Open VoidXH opened this issue 10 months ago • 2 comments

Cavern XD is an experimental technology to recover and/or substantially increase dynamic range in any content. The dynamic range compression in streaming movies have became such a severe issue that it's now mandatory to handle the release of this research with priority.

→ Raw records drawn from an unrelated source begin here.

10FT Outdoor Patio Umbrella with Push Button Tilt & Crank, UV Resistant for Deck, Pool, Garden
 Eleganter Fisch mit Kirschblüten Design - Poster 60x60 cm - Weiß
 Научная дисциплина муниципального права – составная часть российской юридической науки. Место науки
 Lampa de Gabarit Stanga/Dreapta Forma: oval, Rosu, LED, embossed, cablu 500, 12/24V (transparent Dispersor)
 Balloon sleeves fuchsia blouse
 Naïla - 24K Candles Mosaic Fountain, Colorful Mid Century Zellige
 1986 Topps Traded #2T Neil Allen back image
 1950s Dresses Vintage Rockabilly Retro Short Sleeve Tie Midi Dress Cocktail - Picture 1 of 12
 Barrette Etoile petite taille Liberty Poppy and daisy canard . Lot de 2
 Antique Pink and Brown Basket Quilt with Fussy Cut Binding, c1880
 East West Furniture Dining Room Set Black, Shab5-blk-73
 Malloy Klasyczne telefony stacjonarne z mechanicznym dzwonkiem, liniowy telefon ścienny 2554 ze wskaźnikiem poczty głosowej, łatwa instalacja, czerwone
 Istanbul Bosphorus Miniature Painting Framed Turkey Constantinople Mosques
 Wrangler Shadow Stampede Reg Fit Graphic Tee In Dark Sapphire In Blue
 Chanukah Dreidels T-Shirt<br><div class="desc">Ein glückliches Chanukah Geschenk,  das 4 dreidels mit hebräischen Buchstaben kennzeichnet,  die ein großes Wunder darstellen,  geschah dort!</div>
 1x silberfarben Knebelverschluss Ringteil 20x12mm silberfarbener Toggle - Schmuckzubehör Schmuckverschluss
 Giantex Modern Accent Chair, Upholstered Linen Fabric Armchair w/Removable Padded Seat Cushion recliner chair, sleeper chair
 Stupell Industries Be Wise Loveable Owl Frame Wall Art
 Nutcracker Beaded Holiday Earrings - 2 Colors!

VoidXH avatar Feb 13 '25 10:02 VoidXH

This is very interesting and innovative, but it also seems quite complex, given that the mastering of cinema versions of films to Blu-ray versions (or even worse, Internet or TV versions) involves highly variable treatments in terms of dynamics, frequency, and spatialization. For example, in a cinema mix (DCP output), the LFE channel is rarely used. In some blockbusters, there are only a handful of LFE interventions throughout the entire film. However, during Blu-ray mastering, engineers tend to filter the bass from the LCR channels and partially inject it into the LFE, based on the assumption that most home studios have a woofer instead of a proper sub, and speakers that are closer to tweeters rather than true full-range speakers. The impact on dynamics is such that post-filtering compression by channel group reduces the bass dynamics independently of the dynamics of the rest of each channel group (from low-mids to highs). It seems complex to me to increase the dynamics of a Blu-ray mastering to get closer to the original cinema mix without being able to recognize which channel each bass component originally belonged to once they have been mixed into the mono LFE channel. With Atmos, and especially spatial coding, things become even more complex. Some software, like Fiedler Audio’s Mastering Console in standalone mode or HoRNet SAMP as a plug-in, now allow for Atmos mastering, handling objects along with beds for dynamic processing analysis and then applying treatments themselves, with side-chain possibilities. As a result, the variability and complexity of these treatments make reverse-processing even more challenging, due to the variable handling of beds and objects, the merging of spatial coding after mastering, the different side-chain possibilities, and multi-band compressors. Such an algorithm would require advanced AI capable of analyzing the entire film to propose an adaptive multi-expander solution. However, a simple expander as compensation could be risky, as it would be unable to distinguish between compression applied during Blu-ray mastering and the compression already present in the original cinema mix.

AntPradZT avatar Mar 08 '25 12:03 AntPradZT

You found out how it works, it is an AI, based on Spleeter technology. One that is specialized to separate intense effects from the rest. Cavern XD is basically separating the movie to a base and a spike track, mixing back the base at a lower gain.

VoidXH avatar Mar 08 '25 12:03 VoidXH

I am very interested in this, dynamic range is my largest problem with modern music.

jonahnm avatar May 17 '25 18:05 jonahnm

Have you thought of using any of the newer architectures, such as bs-roformer?

Jarfeh avatar Jun 09 '25 04:06 Jarfeh

Have you thought of using any of the newer architectures, such as bs-roformer?

Its API is not production ready.

VoidXH avatar Jun 09 '25 08:06 VoidXH

Moved to CavernPro repo.

VoidXH avatar Aug 19 '25 19:08 VoidXH

What's CavernPro? Some sort of paid product / private repo?

nift4 avatar Aug 22 '25 18:08 nift4

It will be an online service.

VoidXH avatar Aug 22 '25 18:08 VoidXH